In other words, the new scale meant that women—in many cases the exact same professors teaching the exact same classes they’d taught before—suddenly got top marks just as often as their male colleagues.
The authors were keenly aware that some critics (and many sexists) would argue that the male professors were simply more likely to be exceptional, and that all the new condensed scale did was muddy the waters and make it harder to distinguish the very good from the truly brilliant.
So their second study controlled for any potential differences in actual teaching quality. They showed online participants the transcript of a lecture supposedly given by a professor (in actuality it was based on a TED Talk), but some were told the instructor was John Anderson and others that it was Julie Anderson.
When participants used a 10-point scale, “John” got the top mark 22% of the time, compared to 13% for “Julie.” But when other participants used a six-point scale they gave “John” and “Julie” top marks 25% and 24% of the time, respectively.
“Whereas the top score on a 10-point scale elicited images of exceptional or perfect performance—and, as a result, activated gender stereotypes of brilliance manifest in raters’ hesitation to assign women top scores—the top score on the six-point scale did not carry such strong performance expectations,” the authors of the paper, Lauren A. Rivera from Northwestern University and András Tilcsik from the University of Toronto, write. “Under the six-point system, evaluators recognized a wider variety of performances—and, critically, performers—as meriting top marks.”
Even though these studies focused on academia, the results should make anyone and everyone think hard about how fair the supposedly objective tools they’re using to measure performance really are. The authors point out that the number 10 has a unique cultural meaning, and so perhaps a scale that relied on it was particularly prone to reflecting biases.
The bottom line is that you have to evaluate the evaluations. If there appears to be a performance gap between groups, ask and investigate whether the problem is the performance itself or how you’re measuring it.

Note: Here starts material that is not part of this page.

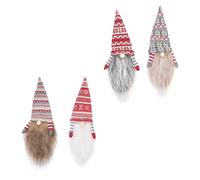 Mikinona 4 Piezas Tapa De Botella De Vino Tinto Decorativa para Navidad Adorno Navideño para Botella para Decoración De Mesa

It might seem like these are small, insignificant differences in the grand scheme of things, but reviews impact everything else. “Given that performance ratings are often tied to important rewards, such as salaries, bonuses, and promotions, rating systems can have direct implications for employees’ career trajectories,” the authors write.
Bias builds up. If women get slightly worse performance reviews, they’re less likely to get raises and promotions than their male colleagues, and the cycle repeats itself as fewer and fewer women make it to the most senior levels, especially in male-dominated industries. That in itself reinforces the notion that men are more likely to be brilliant and worthy of those positions of power, which fuels the original stereotypes. And around and around we go.
Here’s an important caveat: The researchers emphasize that while the six-point scale eliminated the gender gap in evaluations, it didn’t magically eradicate gender bias. The new scale simply changed how much the tool reflected existing biases. The participants in the second study were still far more likely to use superlatives to describe “John” than “Julie” when they shared “the words that first came to mind when they thought of the instructor’s teaching performance.” It’s just that these differences were less likely to be reflected in the numeric ratings.
So while changing a scale could help on the surface and in the short run, there’s still a great deal of work to be done to rid the world of the underlying bias—and a long way to go before our stories of brilliance in every field star women in the leading roles as often as they do men.